"Consensus" Among Maximum Entropy Classifications

Question

Imagine we have three classes: A, B, and C, and we classify a document 'd' using a standard MaxEnt classifier, and come up with the following probabilities:

P(d, A) = 0.50
P(d, B) = 0.25
P(d, C) = 0.25

I feel like that is very different, in a way, from this set of probabilities:

P(d, A) = 0.50
P(d, B) = 0.49
P(d, C) = 0.01

Is there a way to score the difference between these two?

Answer 1

What you're looking for is cross-entropy: specifically, you want to calculate the cost of approximating the true distribution with the one output by your classifier. Probabilistic multi-class classifiers will optimise this directly in many cases.

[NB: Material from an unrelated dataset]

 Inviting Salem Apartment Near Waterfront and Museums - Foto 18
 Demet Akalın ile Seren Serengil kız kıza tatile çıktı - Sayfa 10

Take a look at this.

Answer 2

The problem you are facing is often called the "consensus" among classifiers. As multilabel MaxEnt can be seen as N independent classifiers, you can think about it as a group of models "voting" for different classes.

Now, there are many measures of calculating such "consensus", including:

• "naive" calculation of the margin - difference between the "winning" class probability and the second one - bigger the margin - more confident the classification
• entropy - smaller the entropy of the resulting probability distribution, the more confident the decision
• some further methods involving KL divergence etc.

In general you should think about methods od detecting "uniformity" of the resulting distribution (impling less confident decison) or "spikeness" (indicating more confident classification).